Airline Industry Performance Improving
The airline industry turned the corner in June, according to Giovanni Bisignani, IATA`s Director General and CEO. “Although we are still well below where we were at the same time last year, travelers are returning,” he said. “We expect that traffic recovery will intensify through July and August as a result of pent-up demand and the northern hemisphere summer holiday season,” he said.
Preliminary IATA traffic figures for June 2003 show a 11.8% drop in international passenger traffic over June 2002, with SARS-hit Asia Pacific carriers experiencing a 35.8% drop, still the worst performance among all of the regions. These figures, however, show considerable improvement over the 21% and 55% year on year drops recorded respectively for May.
“The worst is over, but the road to recovery will be long. Even the most optimistic scenario for a robust traffic recovery will not see yields returning to normal for some time,” cautioned Mr. Bisignani.
“Controlling costs must become an automatic best practice for airlines and their industry partners.
Recovery to where we were in January 2003 or even January 2001 is not sufficient. That will only leave our industry as vulnerable to the next crisis as we have been to SARS, Iraq and the other recent crises. We are arriving at a new norm for the industry where crises are no longer extraordinary events, but part and parcel of the business cycle. The industry needs to evolve to a new cost structure that will allow it to weather these future crises as a matter of course,” he said.
The Association of European Airlines has released traffic figures for the week ending August 10th.

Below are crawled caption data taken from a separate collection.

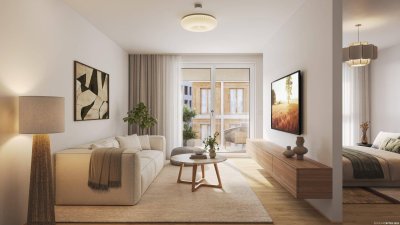 Preiswertes Wohnen im „Village im Dritten – PARK FLATS“ - Provisionsfreie 3-Zimmer Wohnung mit Balkon (Erstbezug!)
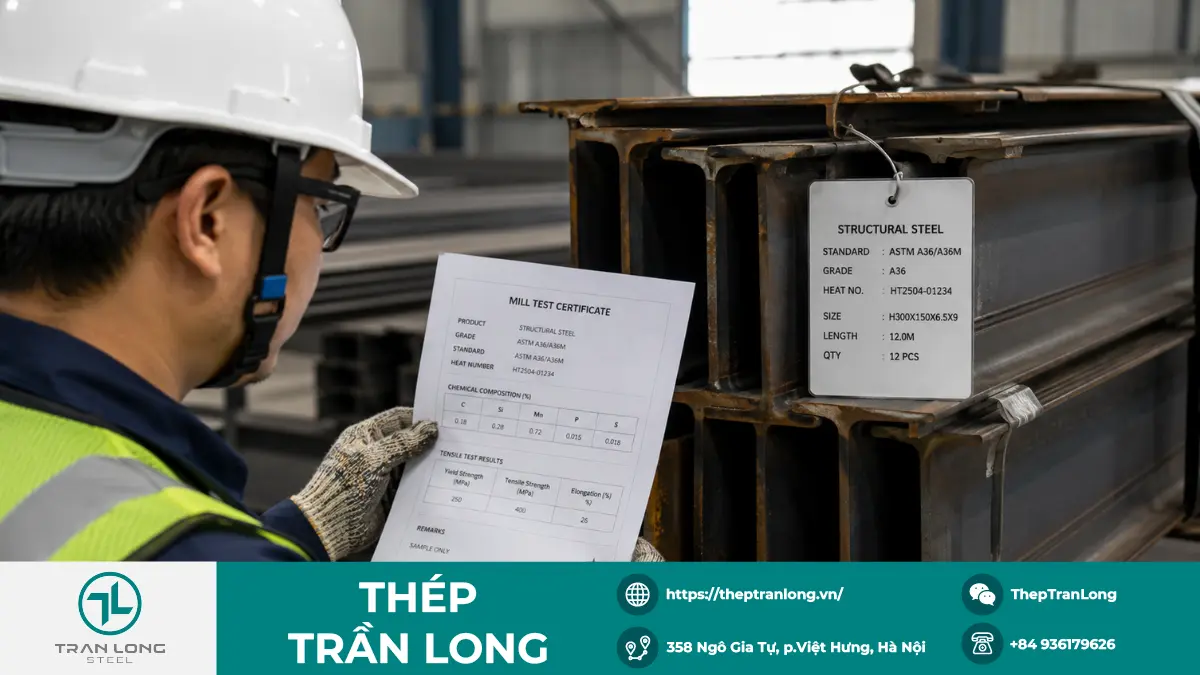 Thép ASTM A36 là gì? Cơ tính, A36 và SS400 5 Kiểm tra chứng chỉ và mã lô thép A36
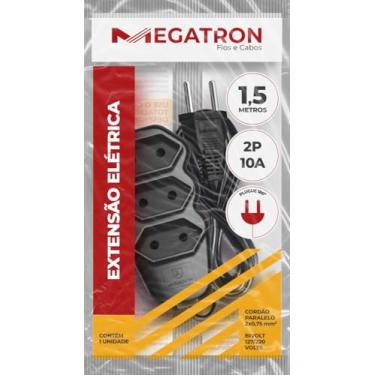 Imagem de Extensão 3 tomadas cabo paralelo 10/A 250v 2x0,75 (1,50 m) pretro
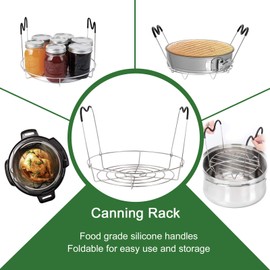 7 in 1 Canning Kit Include Steamer Rack,Canning Funnel,Jar Lifter,Wrench, Tongs,Lid Lifter/Bubble Remover Tool.Suitable for Easy Learning and Making of Household Mason Canning (Green)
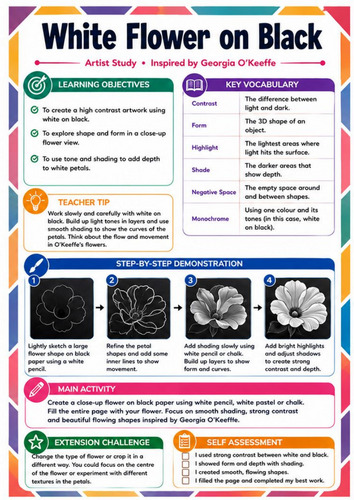 Georgia O’Keeffe White Flower on Black – KS3 Art Worksheet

Overall, traffic in week 32 was up 2.9% compared with 2002, a percentage point higher than week 31. The North Atlantic, at 7.9% has posted, for the 8 th consecutive week, a growth well above 5% with a cumulative rate of 3.8% from the beginning of the year.
Traffic in Europe, AEA’s most important market, increased by 1.0%, a figure slightly lower than previous week’s, but for the 7th time, since the end of the Gulf War, in the positive.